For people pushing for credit and investment in poor neighborhoods, recent Capitol Hill news comes in three categories–bad, worse and Senator Phil Gramm. The House is trying to hobble the Community Reinvestment Act by making sure it doesn’t apply to the financial behemoths of the future. In the Senate, Gramm is trying to cripple the law for good.

CRA, which requires banks to provide credit equitably on their home turf, has been responsible for hundreds of millions of dollars of loans in low- and moderate-income neighborhoods. But when Phil Gramm took over the Senate banking committee last year, CRA’s backers predicted doom, since the conservative senator had railed against the law for years.

Now, their fears are being realized. Over the last weeks, the House and Senate have been developing versions of the “financial modernization” banking bill, which would eliminate barriers between banking, securities and insurance companies. The bill opens the gate for the creation of enormous financial conglomerates, like the recent Citibank-Traveler’s union. And if the pin-striped set gets its way, Congress will allow these new megaliths to duck the requirements of the 22-year-old Community Reinvestment Act.

The Senate version of the new bill, passed out of committee on March 4, would go much further. A Safe Harbor provision would effectively keep community groups from commenting on a bank’s CRA record if the bank had a “satisfactory” or better overall rating–regardless of its local history. And an amendment from Senator Richard Shelby exempts rural banks with assets of $100 million or less from CRA, which would include roughly 60 percent of the banks and thrifts in the country.

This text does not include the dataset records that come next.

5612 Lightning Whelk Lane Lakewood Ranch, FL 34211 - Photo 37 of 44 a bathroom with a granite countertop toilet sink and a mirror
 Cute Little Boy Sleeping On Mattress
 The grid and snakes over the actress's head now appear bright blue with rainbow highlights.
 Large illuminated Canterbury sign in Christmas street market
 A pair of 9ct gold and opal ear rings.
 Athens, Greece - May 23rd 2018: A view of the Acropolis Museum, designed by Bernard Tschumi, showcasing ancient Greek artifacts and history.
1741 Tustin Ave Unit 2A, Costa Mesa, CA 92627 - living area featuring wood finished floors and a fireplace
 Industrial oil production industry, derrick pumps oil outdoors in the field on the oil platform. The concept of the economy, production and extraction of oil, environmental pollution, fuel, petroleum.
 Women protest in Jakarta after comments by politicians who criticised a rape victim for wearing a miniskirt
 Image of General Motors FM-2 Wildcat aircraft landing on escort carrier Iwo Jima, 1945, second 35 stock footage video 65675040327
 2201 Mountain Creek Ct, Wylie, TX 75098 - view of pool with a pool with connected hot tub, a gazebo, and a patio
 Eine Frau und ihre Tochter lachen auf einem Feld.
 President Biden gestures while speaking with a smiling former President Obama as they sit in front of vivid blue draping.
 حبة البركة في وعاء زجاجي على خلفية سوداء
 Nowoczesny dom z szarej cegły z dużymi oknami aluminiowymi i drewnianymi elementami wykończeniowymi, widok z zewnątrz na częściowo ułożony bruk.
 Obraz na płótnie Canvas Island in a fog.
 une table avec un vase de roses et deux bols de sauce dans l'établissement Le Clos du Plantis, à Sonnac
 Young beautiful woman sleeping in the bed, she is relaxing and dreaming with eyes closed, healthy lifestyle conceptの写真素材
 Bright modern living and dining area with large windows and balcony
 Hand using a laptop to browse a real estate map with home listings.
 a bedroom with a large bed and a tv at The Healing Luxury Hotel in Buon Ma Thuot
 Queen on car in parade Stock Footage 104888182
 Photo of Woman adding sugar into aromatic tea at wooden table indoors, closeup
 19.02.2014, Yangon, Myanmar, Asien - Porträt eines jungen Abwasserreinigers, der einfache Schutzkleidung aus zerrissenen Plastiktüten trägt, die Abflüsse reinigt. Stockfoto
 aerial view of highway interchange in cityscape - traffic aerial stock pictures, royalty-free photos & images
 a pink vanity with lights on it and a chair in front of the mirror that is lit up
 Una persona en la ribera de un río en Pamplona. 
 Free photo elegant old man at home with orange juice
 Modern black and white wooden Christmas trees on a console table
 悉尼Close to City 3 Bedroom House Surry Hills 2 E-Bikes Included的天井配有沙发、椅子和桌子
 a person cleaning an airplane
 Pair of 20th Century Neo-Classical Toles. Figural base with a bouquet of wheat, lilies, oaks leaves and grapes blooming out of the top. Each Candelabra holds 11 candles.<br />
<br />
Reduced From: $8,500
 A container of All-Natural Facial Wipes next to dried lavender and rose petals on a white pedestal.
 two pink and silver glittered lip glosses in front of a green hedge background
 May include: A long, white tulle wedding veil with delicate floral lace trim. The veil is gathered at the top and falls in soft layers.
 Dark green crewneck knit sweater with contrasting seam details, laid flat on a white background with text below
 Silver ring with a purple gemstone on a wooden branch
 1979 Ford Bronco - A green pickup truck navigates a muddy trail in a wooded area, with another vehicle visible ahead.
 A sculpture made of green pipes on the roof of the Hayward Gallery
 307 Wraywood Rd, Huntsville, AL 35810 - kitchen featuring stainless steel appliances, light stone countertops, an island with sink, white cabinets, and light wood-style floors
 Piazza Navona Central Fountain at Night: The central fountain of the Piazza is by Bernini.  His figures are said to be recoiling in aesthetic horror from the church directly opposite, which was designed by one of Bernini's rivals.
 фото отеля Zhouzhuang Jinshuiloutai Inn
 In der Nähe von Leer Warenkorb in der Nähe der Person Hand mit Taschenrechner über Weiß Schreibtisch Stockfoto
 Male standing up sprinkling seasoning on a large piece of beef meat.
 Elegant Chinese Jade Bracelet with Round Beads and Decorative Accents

The House version, passed last Thursday, doesn’t include those cutthroat provisions, but it would allow newly-formed mega-banks to escape CRA.

Effectively, that means that Congressional debate has shifted from extending the law to cutting it back. “Gramm’s been very savvy about capturing people’s attention and making them argue on his terms about saving CRA at all,” said Sarah Ludwig, who runs a New York task force on fair lending issues.

Democrats on the Senate banking committee were incensed by how Gramm handled the debate, and the White House has sent a letter promising to veto his bill.